Note: This post originally appeared on Gary's School Leader blog.
As regular readers know, my wife and I have a new baby, our second child, born just two weeks ago. Our daughter Lydia is two and a half, and has had some inevitable adjustment issues. Working through some of that has given me some new insights, not just on parenting, but on the work of education as well.
Specifically, we probably rushed our daughter's transition to the big girl bed, giving her just a couple of weeks to adjust to a new bedroom and new bed (and the freedom to get out of it) before her little brother arrived and added even more changes. Now, when we most need to maximize our sleep to deal with the infant's nighttime feedings, Lydia is having an enormously difficult time going to bed. She gets up multiple times, and we've tried a kind of Ferber method of just returning her to the bed over and over again, to no avail, until finally she works herself into an emotional frenzy and we have no choice but to comfort her until she falls asleep in exhaustion, often at 10 p.m. or later. Then, she's always awake at 6 a.m., grouchy and restless for the entire day.
It isn't working, and so last night I turned to a website that has become a great resource for me in recent months. I discovered Dr. Laura Markham's Aha Parenting website via Twitter connections and have been impressed and inspired by her recommendations and insights. Dr. Markham, who is a child psychologist, suggests that toddlers need lots of reassurance when making an enormous transition like moving to a big bed. She recommends that parents stay in the room with their child until she falls asleep, reading or listen to an iPod, gradually moving farther away from the child and eventually leaving the room for longer periods of time until she is successfully falling asleep on her own.
This could take many nights, even weeks, but I'm willing to try it because our current method is failing and we're all emotional wrecks by the time our daughter falls asleep. And Dr. Markham's approach intuitively makes sense to me.
Markham is an advocate of "empathic" parenting, an approach that emphasizes continual emotional availability to your children. While to the uninitiated this may sound like indulging a child's every whim, it actually means setting normal limits and structures, but empathetically assisting her through the frustrations and disappointments that come with discovering one is not, in fact, the center of the universe. Markham argues that a child's emotional outbursts reflect her feelings of being overwhelmed and insecure, and she needs loving support to negotiate those powerful feelings.

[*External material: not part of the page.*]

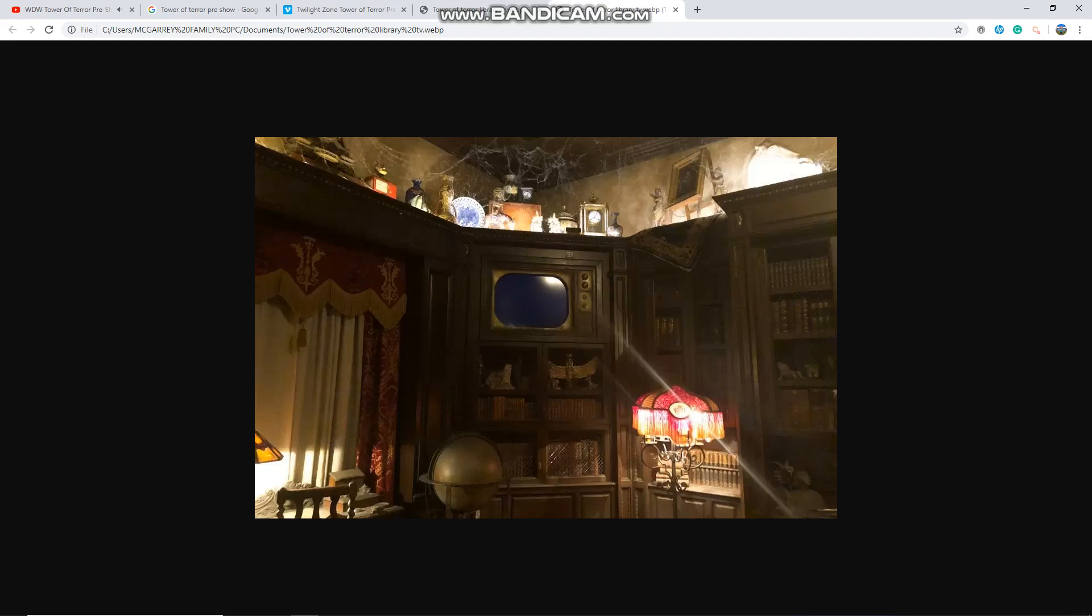The time is now, on an evening very much like the one we have just witnessed. Tonight's story on the Twilight Zone is somewhat unique and calls for a different kind of introduction.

I was skeptical of some of this at first. Our daughter is very bright and capable of emotional manipulation. It seems sometimes she just wants power (but don't we all?). Despite my reservations, I've tried Dr. Markham's approach when Lydia has temper tantrums. I express my support for her, giving voice to her frustrations, and offer hugs and a gentle voice, while maintaining whatever limit that has given rise to her anger. The vast majority of the time, I'm able to short-circuit the tantrum or at least minimize its intensity. This gives me hope for using Dr. Markham's approach to helping her learn to sleep.
When I reflect deeply, we adults have tantrums too, though they often take different forms than a child's. And in every case, our adult acting out is a reflection of our fear, anxiety, frustration, anger, and general sense of being overwhelmed. When we find ourselves in these places, it won't help us if the people we love ignore us or tell us to get over ourselves. In fact, it will make our loneliness and frustration even worse. We need the love, support, encouragement, and above all the presence of others in these times of upsetting emotion.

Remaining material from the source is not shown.